Has that ever happened to you, ladies? It seems like the nicer we are the quicker they have to leave our sight and they end up doing something so rude as that. It just makes me wonder what that exchange was really about, because it wasn’t about communication, and it certainly wasn’t about creating a relationship. He was so interested only a half a minute before. Suddenly I’m of so little value to him that he doesn’t even have the energy to listen to me another second. Maybe he was angry, maybe he was embarrassed, but there’s no doubt the circumstance brought some information out about him neither one of us would’ve known about had I just said “yes” to him.
Guys think we have it easy, when we really just have it hard in a different way. We don’t face the exact same challenge as they do when it comes to, say, getting a date, but that isn’t to say we don’t have challenges. When your job is to ask someone out, you have certain things you have to worry about doing or not doing, like picking the right person and/or getting a “yes.” Likewise, our job is to get asked out, which means we have to be the right person, while simultaneously not being the wrong person, and say “yes” to the right person, which also means saying “no” to the wrong person. You don’t know if the next time you get asked out will be the last, and you don’t know if you should say “no” to the wrong person if he’s only 1% wrong, or 10%, or 49.9%. I can’t remember exactly why but the whole incident reminded me of God.

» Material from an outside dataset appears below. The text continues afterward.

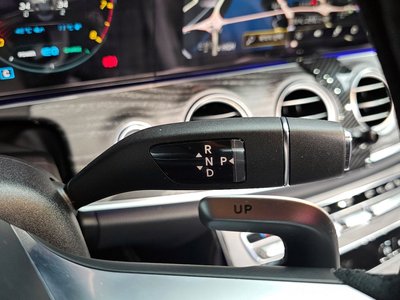 MERCEDES-BENZ E-CLASS - 9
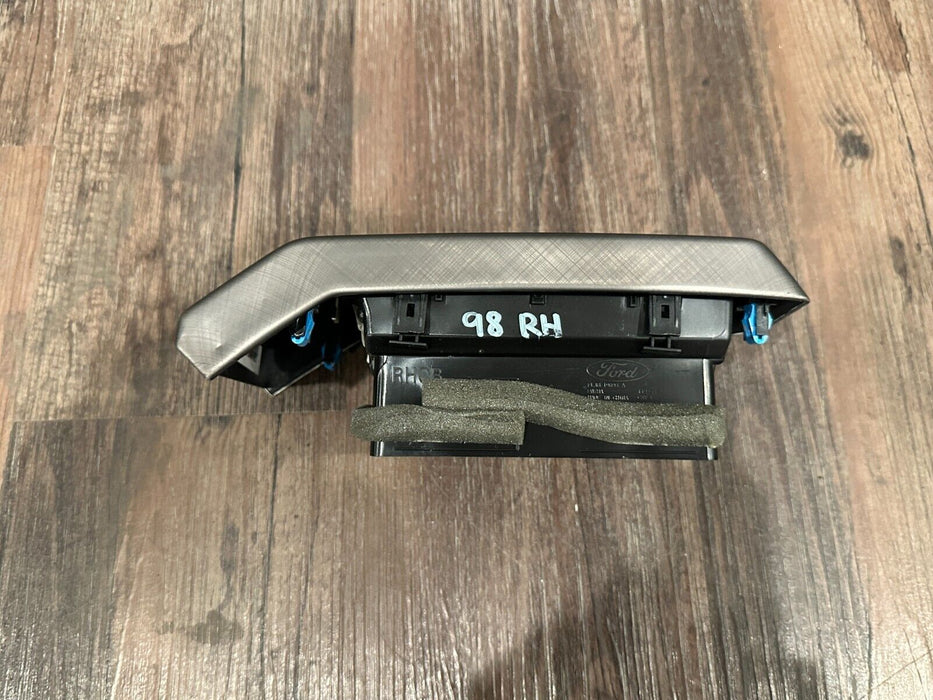 2017-19 FORD F250 F350 F450 LIMITED PASSENGER RIGHT DASH DASHBOARD AIR VENT OEM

God is a lot like a woman. People tend to forget this, or gloss over this, especially if you’re a [religious] man. It’s weird to think of God as a woman, and not in this New Age Philosophy type way. The fact is both genders are nothing more than expressions of who He is anyways, and neither gender can claim complete ownership of being male or female, which is really more of an office than an identity. I’m convinced that most of the misunderstandings that happen about God is b/c people forget to think of him as a true, bonafide person. So let’s practice. Let’s think of God not only as a bonafide person but as a woman person.

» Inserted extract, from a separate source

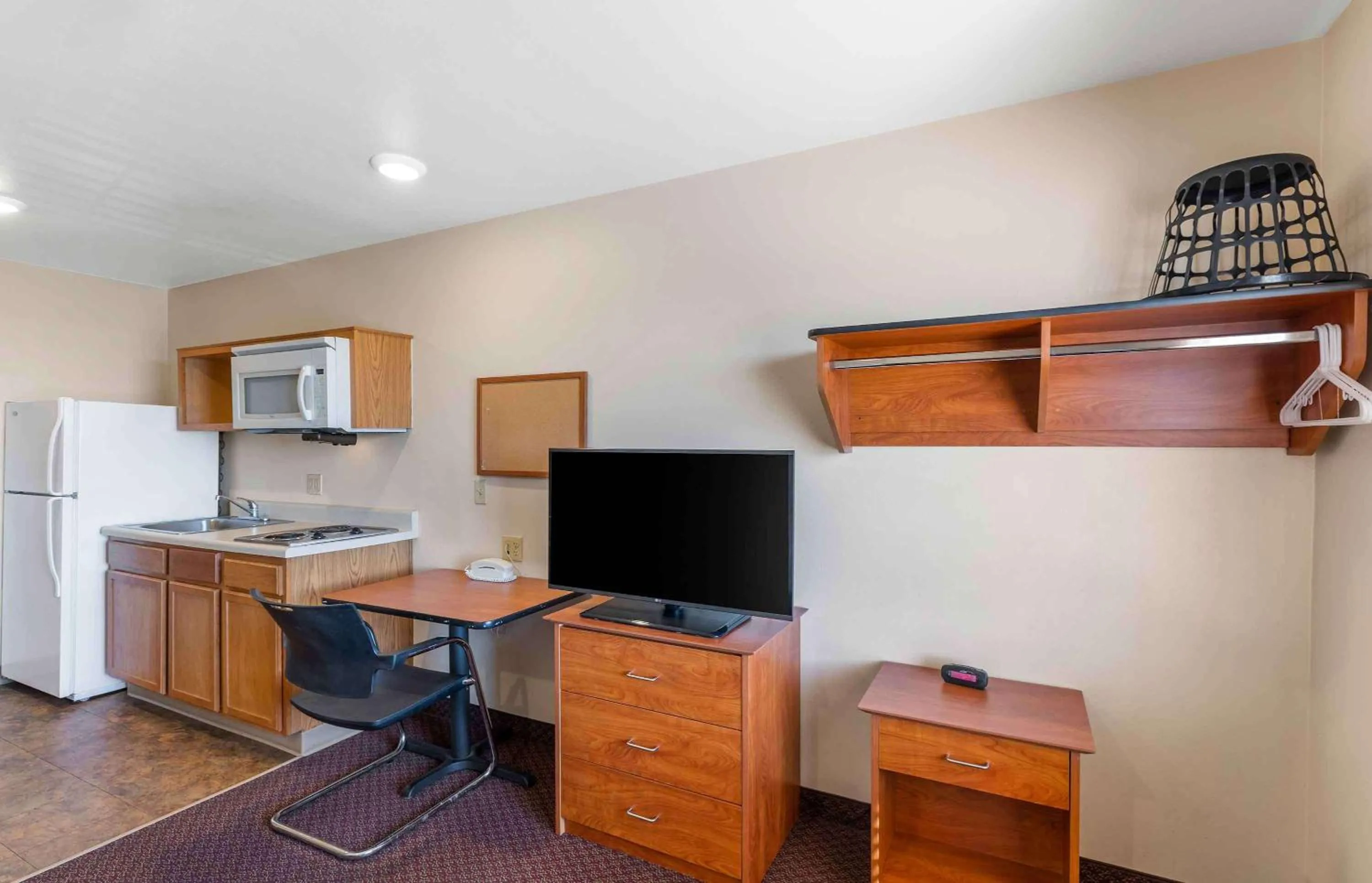 Bedroom in Extended Stay America Select Suites - Loveland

Let’s say you get “serious.” You come to church, you pray the prayer, you sing the songs, you read the book, you hang out with the people. God knows you’re full of crap. He sees your elaborate gesture but it’s not completely certain it’s on behalf of Him. Then you make your move. You focus the conversation on what you really want. A relationship. A job. Power. A nice respectable hobby. Righteousness. God tells you “no.” You get pissed. Or embarrassed. You don’t know what you did wrong. It’s just unfair, really. It’s bullshit. So before God can finish speaking, you bounce. God didn’t need it, but now he knows for sure that you were full of crap. It wasn’t about Him at all, just about his goodies. And you know what? God made a good decision. He makes the same decision we tell people make all the time if they want to be healthy: set boundaries.